Just months later, the Americans with Disabilities Act (ADA) was passed.
The Capitol Crawl did not happen in isolation, and it was not the only reason the ADA became law. But it did something essential: it made inaccessibility visible in a way that could not be dismissed or ignored.
More than three decades later, that same logic is being echoed on a smaller, but no less meaningful, scale.
At Iowa State University, students are organizing what is being called a “Cy-Crawl” on the steps of Beardshear Hall. Like the Capitol Crawl, this action is meant to draw attention to barriers that still exist. Barriers that are often invisible to those who do not encounter them.
And for those involved, the issue is not abstract. It is about identity, dignity and being seen as fully human.
One of the organizers, Grady Sullivan, put it plainly: “You shouldn’t have to lose your identity just because you have a disability.”
That statement cuts to the core of the issue. Accessibility is not just about infrastructure. It is about whether people are allowed to exist as themselves without being reduced to a limitation. It is about being recognized as a full person, not just whether you can get through the door.
The need for this kind of protest raises an uncomfortable question: how much has actually changed?
The ADA established legal protections and accessibility standards. Ramps, elevators and accommodations are now part of the built environment in ways they were not before 1990. But compliance is not the same as accessibility. A building can technically meet requirements while still being difficult, exhausting or even impossible for some people to navigate.
Accessibility is often treated as a checklist. A ramp is installed. An elevator is present. A box is checked. But lived experience is more complicated than that. Routes may be indirect. Elevators unreliable or out of commission. Entrances may technically exist, but feel like afterthoughts. These are not dramatic barriers, but they are constant ones.
And constant barriers shape daily life.
What the Cy-Crawl does, much like the Capitol Crawl before it, is refuse to let those barriers remain abstract. It forces a physical confrontation with them. It makes visible what is usually overlooked.
That kind of visibility is uncomfortable. It is meant to be.
That discomfort extends beyond physical spaces. It shows up in conversation, too.
As Sullivan also noted, “Disabled is not a bad word.”
And yet, many people avoid even saying it, worried about saying the wrong thing. That hesitation, while often well-intentioned, contributes to the same invisibility that protests like the Cy-Crawl are trying to challenge. When people cannot even name disability, it becomes easier to ignore the realities that come with it.
Protests like these are often criticized for being disruptive or dramatic. But disruption is the point. The Capitol Crawl was not polite. It was not convenient. It was effective because it made it impossible to ignore the reality of exclusion.
The same principle applies here.
It is easy to assume that accessibility is a solved issue, something addressed decades ago through legislation. But the existence of the ADA does not guarantee its full realization. Law establishes a baseline.

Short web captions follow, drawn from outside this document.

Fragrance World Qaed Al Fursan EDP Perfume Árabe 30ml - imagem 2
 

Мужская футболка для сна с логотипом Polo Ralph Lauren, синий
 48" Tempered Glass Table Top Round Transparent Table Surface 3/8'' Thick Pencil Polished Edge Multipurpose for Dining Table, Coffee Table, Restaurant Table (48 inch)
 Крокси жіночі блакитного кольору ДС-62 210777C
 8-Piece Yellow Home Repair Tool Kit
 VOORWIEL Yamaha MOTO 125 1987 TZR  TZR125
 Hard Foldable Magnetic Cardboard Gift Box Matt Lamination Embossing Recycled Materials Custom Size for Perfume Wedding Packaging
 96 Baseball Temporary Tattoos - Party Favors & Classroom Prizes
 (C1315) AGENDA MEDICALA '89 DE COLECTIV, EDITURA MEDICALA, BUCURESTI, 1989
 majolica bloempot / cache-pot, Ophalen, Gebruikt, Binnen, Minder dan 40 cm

It does not ensure lived equity.
That gap between policy and reality is where activism still operates.
The Cy-Crawl is not just about one set of stairs or one building. It is about a broader question of who campus spaces are truly designed for. Universities often present themselves as inclusive environments, open to all students. But inclusion is not just about who is admitted. It is about who can fully participate.
If getting to class, attending events or accessing resources requires additional effort, planning or physical strains for some students, then the environment is not equally accessible.
And if those barriers persist quietly, they are easy to ignore.
That is why visibility matters.
The Capitol Crawl showed the country what inaccessibility looked like in a single, powerful display. The Cy-Crawl is doing something similar on a campus level. It is translating policy into lived experience. It is asking people not just to acknowledge accessibility in theory, but to see where it breaks down in practice.
These moments are not comfortable, and they are not supposed to be. They are reminders that progress is not a one-time achievement. It requires maintenance, attention and, at times, confrontation.
The ADA was a milestone, not an endpoint.
And if students today feel the need to crawl up the steps of their own university to be heard, that tells us something important: accessibility is still unfinished work.